L4 Software Engineering Excellence
Well, well, well. You've reached the cyber equivalent of tech enlightenment. You don't just breathe security; you exhale zero-days. Your code is so secure, it makes Fort Knox look like a cardboard box. But don't get too comfortable on that pedestal – in this field, the moment you think you know it all is the moment before a new exploit humbles you. Stay hungry.
To achieve the pinnacle of "Software Engineering Excellence," one must demonstrate a holistic, proactive, and deeply integrated approach to security that permeates every aspect of the software development lifecycle, with a focus on continuous improvement and cutting-edge practices.
Prior Knowledge
At this level, engineers have mastered all aspects of secure software development, possessing deep knowledge of advanced security concepts, tools, and methodologies. They understand the intricate interplay between security, development, and operations, and are constantly pushing the boundaries of what's possible in secure software engineering.
Problem Statement
Even at the Software Engineering Excellence level, there are always challenges to overcome and improvements to be made. The main focus areas include:
- Shifting from discovery-based to outcome-based security reporting.
- Distributing security responsibilities across all team members.
- Seamlessly integrating threat modeling into the continuous design process.
- Automating advanced reachability analysis and risk assessment.
- Standardizing commit messages for automated security documentation.
- Implementing consistent policy-as-code for security assurance.
- Ensuring artifact integrity and transparency.
- Developing and maintaining custom, high-performance security analysis rules.
Solutions
To address these challenges and maintain the L4 Software Engineering Excellence level:
- Implement VEX (Vulnerability Exploitability eXchange) reporting, focusing on outcomes rather than discoveries.
- Foster a culture where all team members take ownership of security in their commits, treating security tooling as fundamental as unit tests.
- Integrate threat modeling seamlessly into the design process, with continuous updates as systems evolve.
- Implement advanced automated reachability analysis tools, with a triage queue for manual review of non-assailable items.
- Enforce universal use of conventional commit messages, enabling automated VEX generation and clear security decision rationales.
- Implement policy-as-code (using OSCAL, Rego OPA) for consistent security assurance reporting on every deployment.
- Establish a robust artifact signing process with attestations and entries in at least two public transparency logs for external SBOM verification.
- Develop and maintain generated code analysis rules (using tools like Semgrep, CodeQL, Rego conftest) that run in pre-commit hooks, focusing on business rules and reducing false positives.
- Continuously educate team members on advanced security concepts, aiming for a deep understanding of frameworks like MITRE ATT&CK.
By implementing these solutions, an organization achieves and maintains Software Engineering Excellence.

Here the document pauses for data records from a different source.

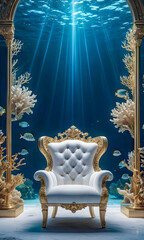 Mock-up white luxury armchair stands in the depths of blue ocean, surrounded by fish and coral.Aarmhair serves as the focal point,creating serene and tranquil atmosphere with ocean and marine life.
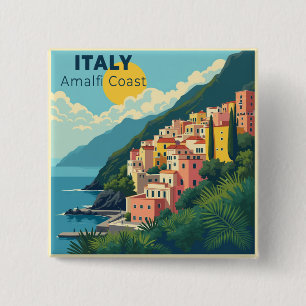 Een Nostalgische Klassieke Reisposter – Amalfi-kus Vierkante Button 5,1 Cm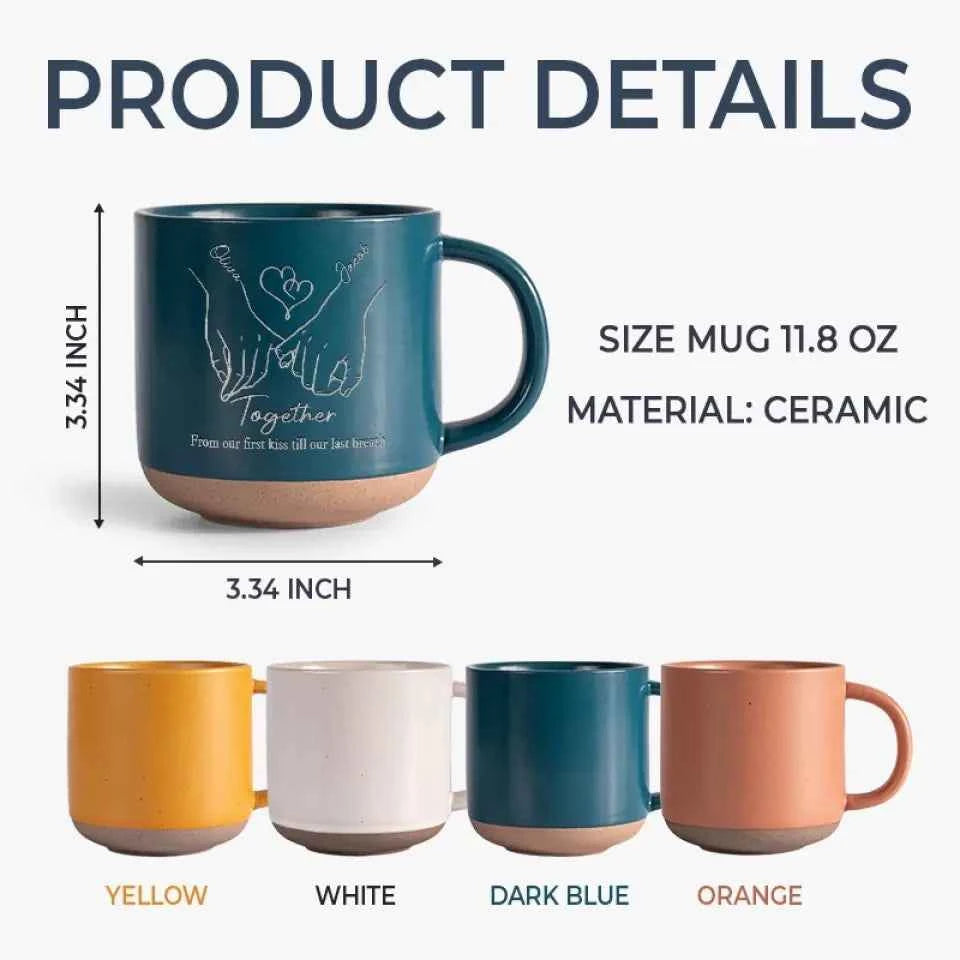 Personalized Pottery Mug - "Together Forever" - CustomLove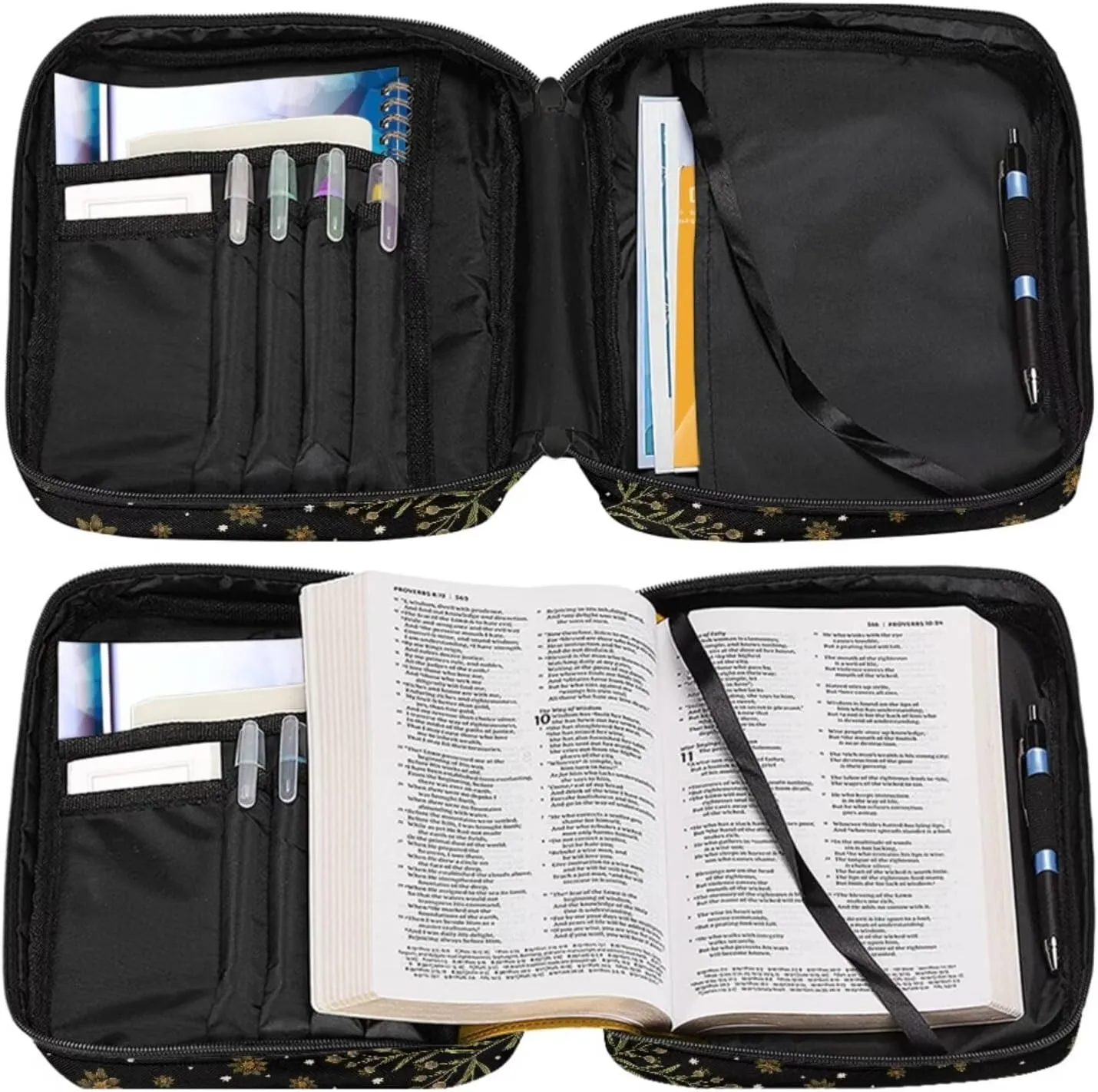 Bible Bags and Totes for Women With Pockets and Handle Girls Casual Lightweight Floral Butterfly Graphic Bible Cover Church Bag for Worship School Travel Outdoor,Black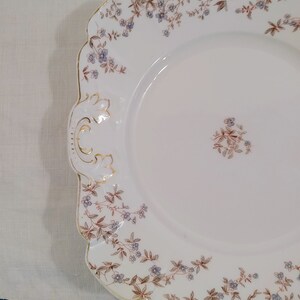 May include: A white porcelain serving platter with a scalloped edge and a floral design in shades of brown and blue. The platter has a gold trim and a raised design on the handle.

This level represents the cutting edge of quality Software Engineering and transparent Cybersecurity assurance, where security is not just integrated but is a fundamental, inseparable part of the software engineering process. The focus is on continuous improvement, pushing the boundaries of automated security, and striving for a level of maturity that outperforms vendor tools - a goal so lofty I playfully compare this goal to the heat death of the universe.
At this level, security is not just a practice but a mindset, deeply ingrained in every aspect of software development and operations. It's a state of constant evolution, always reaching for that next level of excellence in secure software engineering.